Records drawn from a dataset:
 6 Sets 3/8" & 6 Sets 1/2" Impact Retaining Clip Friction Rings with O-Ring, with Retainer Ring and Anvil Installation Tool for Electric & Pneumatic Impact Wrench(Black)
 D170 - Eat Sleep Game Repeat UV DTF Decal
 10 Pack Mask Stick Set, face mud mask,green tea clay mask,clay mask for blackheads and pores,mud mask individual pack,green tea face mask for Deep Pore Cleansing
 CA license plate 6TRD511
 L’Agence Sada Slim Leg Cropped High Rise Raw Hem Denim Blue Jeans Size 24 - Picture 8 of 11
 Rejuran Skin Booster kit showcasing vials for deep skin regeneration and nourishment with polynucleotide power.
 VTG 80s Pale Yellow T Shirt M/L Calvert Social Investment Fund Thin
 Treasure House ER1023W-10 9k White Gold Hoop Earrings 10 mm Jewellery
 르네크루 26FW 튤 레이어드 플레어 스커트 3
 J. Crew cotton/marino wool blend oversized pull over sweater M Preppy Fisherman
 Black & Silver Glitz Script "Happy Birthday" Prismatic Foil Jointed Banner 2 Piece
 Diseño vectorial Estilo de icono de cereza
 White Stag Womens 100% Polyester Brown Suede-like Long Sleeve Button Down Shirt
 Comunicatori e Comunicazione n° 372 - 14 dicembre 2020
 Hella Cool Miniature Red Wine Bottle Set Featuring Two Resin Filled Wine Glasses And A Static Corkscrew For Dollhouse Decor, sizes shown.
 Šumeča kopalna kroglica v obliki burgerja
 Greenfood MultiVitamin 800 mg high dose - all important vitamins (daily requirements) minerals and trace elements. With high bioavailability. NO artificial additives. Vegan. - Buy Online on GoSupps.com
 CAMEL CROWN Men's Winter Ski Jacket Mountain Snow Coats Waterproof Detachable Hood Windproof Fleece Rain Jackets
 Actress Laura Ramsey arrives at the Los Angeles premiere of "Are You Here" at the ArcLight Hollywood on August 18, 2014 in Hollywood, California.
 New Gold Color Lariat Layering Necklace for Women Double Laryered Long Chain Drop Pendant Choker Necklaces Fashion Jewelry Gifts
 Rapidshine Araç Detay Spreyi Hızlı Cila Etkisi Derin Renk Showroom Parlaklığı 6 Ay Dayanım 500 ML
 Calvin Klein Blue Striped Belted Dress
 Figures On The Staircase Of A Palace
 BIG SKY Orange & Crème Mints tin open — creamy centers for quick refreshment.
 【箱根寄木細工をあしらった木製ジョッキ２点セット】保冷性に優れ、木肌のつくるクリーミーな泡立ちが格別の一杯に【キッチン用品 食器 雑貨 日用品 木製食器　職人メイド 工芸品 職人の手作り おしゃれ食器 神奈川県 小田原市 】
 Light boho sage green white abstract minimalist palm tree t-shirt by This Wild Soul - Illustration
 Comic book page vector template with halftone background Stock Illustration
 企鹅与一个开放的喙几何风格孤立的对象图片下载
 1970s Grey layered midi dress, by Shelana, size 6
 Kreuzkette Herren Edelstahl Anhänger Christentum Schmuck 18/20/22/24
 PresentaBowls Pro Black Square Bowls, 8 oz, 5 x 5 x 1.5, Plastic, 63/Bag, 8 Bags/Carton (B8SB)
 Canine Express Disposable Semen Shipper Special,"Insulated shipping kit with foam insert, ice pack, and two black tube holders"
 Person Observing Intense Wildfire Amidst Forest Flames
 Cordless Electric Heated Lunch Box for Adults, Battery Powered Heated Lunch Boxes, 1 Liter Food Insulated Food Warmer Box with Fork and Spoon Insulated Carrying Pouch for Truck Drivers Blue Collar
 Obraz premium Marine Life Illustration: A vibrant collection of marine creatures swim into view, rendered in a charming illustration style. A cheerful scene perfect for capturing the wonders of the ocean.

__Exercise__. All of the entries above need to be output again exactly.

__Answer to this problem__.
 6 Sets 3/8" & 6 Sets 1/2" Impact Retaining Clip Friction Rings with O-Ring, with Retainer Ring and Anvil Installation Tool for Electric & Pneumatic Impact Wrench(Black)
 D170 - Eat Sleep Game Repeat UV DTF Decal
 10 Pack Mask Stick Set, face mud mask,green tea clay mask,clay mask for blackheads and pores,mud mask individual pack,green tea face mask for Deep Pore Cleansing
 CA license plate 6TRD511
 L’Agence Sada Slim Leg Cropped High Rise Raw Hem Denim Blue Jeans Size 24 - Picture 8 of 11
 Rejuran Skin Booster kit showcasing vials for deep skin regeneration and nourishment with polynucleotide power.
 VTG 80s Pale Yellow T Shirt M/L Calvert Social Investment Fund Thin
 Treasure House ER1023W-10 9k White Gold Hoop Earrings 10 mm Jewellery
 르네크루 26FW 튤 레이어드 플레어 스커트 3
 J. Crew cotton/marino wool blend oversized pull over sweater M Preppy Fisherman
 Black & Silver Glitz Script "Happy Birthday" Prismatic Foil Jointed Banner 2 Piece
 Diseño vectorial Estilo de icono de cereza
 White Stag Womens 100% Polyester Brown Suede-like Long Sleeve Button Down Shirt
 Comunicatori e Comunicazione n° 372 - 14 dicembre 2020
 Hella Cool Miniature Red Wine Bottle Set Featuring Two Resin Filled Wine Glasses And A Static Corkscrew For Dollhouse Decor, sizes shown.
 Šumeča kopalna kroglica v obliki burgerja
 Greenfood MultiVitamin 800 mg high dose - all important vitamins (daily requirements) minerals and trace elements. With high bioavailability. NO artificial additives. Vegan. - Buy Online on GoSupps.com
 CAMEL CROWN Men's Winter Ski Jacket Mountain Snow Coats Waterproof Detachable Hood Windproof Fleece Rain Jackets
 Actress Laura Ramsey arrives at the Los Angeles premiere of "Are You Here" at the ArcLight Hollywood on August 18, 2014 in Hollywood, California.
 New Gold Color Lariat Layering Necklace for Women Double Laryered Long Chain Drop Pendant Choker Necklaces Fashion Jewelry Gifts
 Rapidshine Araç Detay Spreyi Hızlı Cila Etkisi Derin Renk Showroom Parlaklığı 6 Ay Dayanım 500 ML
 Calvin Klein Blue Striped Belted Dress
 Figures On The Staircase Of A Palace
 BIG SKY Orange & Crème Mints tin open — creamy centers for quick refreshment.
 【箱根寄木細工をあしらった木製ジョッキ２点セット】保冷性に優れ、木肌のつくるクリーミーな泡立ちが格別の一杯に【キッチン用品 食器 雑貨 日用品 木製食器　職人メイド 工芸品 職人の手作り おしゃれ食器 神奈川県 小田原市 】
 Light boho sage green white abstract minimalist palm tree t-shirt by This Wild Soul - Illustration
 Comic book page vector template with halftone background Stock Illustration
 企鹅与一个开放的喙几何风格孤立的对象图片下载
 1970s Grey layered midi dress, by Shelana, size 6
 Kreuzkette Herren Edelstahl Anhänger Christentum Schmuck 18/20/22/24
 PresentaBowls Pro Black Square Bowls, 8 oz, 5 x 5 x 1.5, Plastic, 63/Bag, 8 Bags/Carton (B8SB)
 Canine Express Disposable Semen Shipper Special,"Insulated shipping kit with foam insert, ice pack, and two black tube holders"
 Person Observing Intense Wildfire Amidst Forest Flames
 Cordless Electric Heated Lunch Box for Adults, Battery Powered Heated Lunch Boxes, 1 Liter Food Insulated Food Warmer Box with Fork and Spoon Insulated Carrying Pouch for Truck Drivers Blue Collar
 Obraz premium Marine Life Illustration: A vibrant collection of marine creatures swim into view, rendered in a charming illustration style. A cheerful scene perfect for capturing the wonders of the ocean.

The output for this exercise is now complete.